— Supplied data —

• • •

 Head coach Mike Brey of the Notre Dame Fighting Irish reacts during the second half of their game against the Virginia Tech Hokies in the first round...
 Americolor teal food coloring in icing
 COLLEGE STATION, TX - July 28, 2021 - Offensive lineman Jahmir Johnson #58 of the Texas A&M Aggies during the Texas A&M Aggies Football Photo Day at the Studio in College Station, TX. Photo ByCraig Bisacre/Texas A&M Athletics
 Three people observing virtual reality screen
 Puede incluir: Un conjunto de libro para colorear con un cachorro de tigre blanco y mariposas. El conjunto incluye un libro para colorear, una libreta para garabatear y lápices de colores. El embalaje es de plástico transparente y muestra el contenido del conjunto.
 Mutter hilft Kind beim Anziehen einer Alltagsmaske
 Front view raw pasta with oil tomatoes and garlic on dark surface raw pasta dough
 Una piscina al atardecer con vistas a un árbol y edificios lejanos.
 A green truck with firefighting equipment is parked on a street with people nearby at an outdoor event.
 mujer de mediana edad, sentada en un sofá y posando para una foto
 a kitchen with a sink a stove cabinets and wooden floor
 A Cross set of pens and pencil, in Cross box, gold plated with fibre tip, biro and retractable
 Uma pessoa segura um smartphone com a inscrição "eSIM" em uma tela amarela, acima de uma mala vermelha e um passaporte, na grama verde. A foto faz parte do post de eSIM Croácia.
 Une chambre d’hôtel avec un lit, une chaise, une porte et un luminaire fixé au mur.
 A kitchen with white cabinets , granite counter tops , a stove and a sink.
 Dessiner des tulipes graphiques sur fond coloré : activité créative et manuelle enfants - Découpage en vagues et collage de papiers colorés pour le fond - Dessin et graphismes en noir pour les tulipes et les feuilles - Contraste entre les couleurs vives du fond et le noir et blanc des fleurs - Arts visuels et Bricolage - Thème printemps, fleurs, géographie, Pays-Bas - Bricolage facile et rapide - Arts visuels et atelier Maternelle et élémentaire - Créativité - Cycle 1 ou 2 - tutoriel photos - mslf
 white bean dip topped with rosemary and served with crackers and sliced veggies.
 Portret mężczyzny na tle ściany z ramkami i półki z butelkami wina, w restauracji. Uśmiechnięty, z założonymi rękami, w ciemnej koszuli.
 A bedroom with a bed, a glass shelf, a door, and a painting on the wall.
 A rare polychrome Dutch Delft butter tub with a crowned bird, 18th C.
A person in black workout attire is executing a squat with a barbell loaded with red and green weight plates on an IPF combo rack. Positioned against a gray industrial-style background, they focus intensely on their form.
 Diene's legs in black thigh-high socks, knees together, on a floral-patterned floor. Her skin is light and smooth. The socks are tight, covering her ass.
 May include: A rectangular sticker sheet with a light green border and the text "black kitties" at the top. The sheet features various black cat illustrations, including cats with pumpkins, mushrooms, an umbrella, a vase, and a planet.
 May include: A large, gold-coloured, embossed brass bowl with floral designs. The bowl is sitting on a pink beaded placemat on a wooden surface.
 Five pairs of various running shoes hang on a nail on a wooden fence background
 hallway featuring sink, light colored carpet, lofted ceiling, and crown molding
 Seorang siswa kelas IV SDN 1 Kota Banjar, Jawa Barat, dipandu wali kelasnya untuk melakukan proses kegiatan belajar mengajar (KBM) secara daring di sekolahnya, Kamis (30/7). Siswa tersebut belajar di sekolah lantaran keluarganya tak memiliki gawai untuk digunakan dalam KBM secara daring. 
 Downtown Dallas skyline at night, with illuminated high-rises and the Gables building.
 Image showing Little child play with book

• • •

Reproduce each entry exactly, leaving out nothing.

— Your solution —
 Head coach Mike Brey of the Notre Dame Fighting Irish reacts during the second half of their game against the Virginia Tech Hokies in the first round...
 Americolor teal food coloring in icing
 COLLEGE STATION, TX - July 28, 2021 - Offensive lineman Jahmir Johnson #58 of the Texas A&M Aggies during the Texas A&M Aggies Football Photo Day at the Studio in College Station, TX. Photo ByCraig Bisacre/Texas A&M Athletics
 Three people observing virtual reality screen
 Puede incluir: Un conjunto de libro para colorear con un cachorro de tigre blanco y mariposas. El conjunto incluye un libro para colorear, una libreta para garabatear y lápices de colores. El embalaje es de plástico transparente y muestra el contenido del conjunto.
 Mutter hilft Kind beim Anziehen einer Alltagsmaske
 Front view raw pasta with oil tomatoes and garlic on dark surface raw pasta dough
 Una piscina al atardecer con vistas a un árbol y edificios lejanos.
 A green truck with firefighting equipment is parked on a street with people nearby at an outdoor event.
 mujer de mediana edad, sentada en un sofá y posando para una foto
 a kitchen with a sink a stove cabinets and wooden floor
 A Cross set of pens and pencil, in Cross box, gold plated with fibre tip, biro and retractable
 Uma pessoa segura um smartphone com a inscrição "eSIM" em uma tela amarela, acima de uma mala vermelha e um passaporte, na grama verde. A foto faz parte do post de eSIM Croácia.
 Une chambre d’hôtel avec un lit, une chaise, une porte et un luminaire fixé au mur.
 A kitchen with white cabinets , granite counter tops , a stove and a sink.
 Dessiner des tulipes graphiques sur fond coloré : activité créative et manuelle enfants - Découpage en vagues et collage de papiers colorés pour le fond - Dessin et graphismes en noir pour les tulipes et les feuilles - Contraste entre les couleurs vives du fond et le noir et blanc des fleurs - Arts visuels et Bricolage - Thème printemps, fleurs, géographie, Pays-Bas - Bricolage facile et rapide - Arts visuels et atelier Maternelle et élémentaire - Créativité - Cycle 1 ou 2 - tutoriel photos - mslf
 white bean dip topped with rosemary and served with crackers and sliced veggies.
 Portret mężczyzny na tle ściany z ramkami i półki z butelkami wina, w restauracji. Uśmiechnięty, z założonymi rękami, w ciemnej koszuli.
 A bedroom with a bed, a glass shelf, a door, and a painting on the wall.
 A rare polychrome Dutch Delft butter tub with a crowned bird, 18th C.
A person in black workout attire is executing a squat with a barbell loaded with red and green weight plates on an IPF combo rack. Positioned against a gray industrial-style background, they focus intensely on their form.
 Diene's legs in black thigh-high socks, knees together, on a floral-patterned floor. Her skin is light and smooth. The socks are tight, covering her ass.
 May include: A rectangular sticker sheet with a light green border and the text "black kitties" at the top. The sheet features various black cat illustrations, including cats with pumpkins, mushrooms, an umbrella, a vase, and a planet.
 May include: A large, gold-coloured, embossed brass bowl with floral designs. The bowl is sitting on a pink beaded placemat on a wooden surface.
 Five pairs of various running shoes hang on a nail on a wooden fence background
 hallway featuring sink, light colored carpet, lofted ceiling, and crown molding
 Seorang siswa kelas IV SDN 1 Kota Banjar, Jawa Barat, dipandu wali kelasnya untuk melakukan proses kegiatan belajar mengajar (KBM) secara daring di sekolahnya, Kamis (30/7). Siswa tersebut belajar di sekolah lantaran keluarganya tak memiliki gawai untuk digunakan dalam KBM secara daring. 
 Downtown Dallas skyline at night, with illuminated high-rises and the Gables building.
 Image showing Little child play with book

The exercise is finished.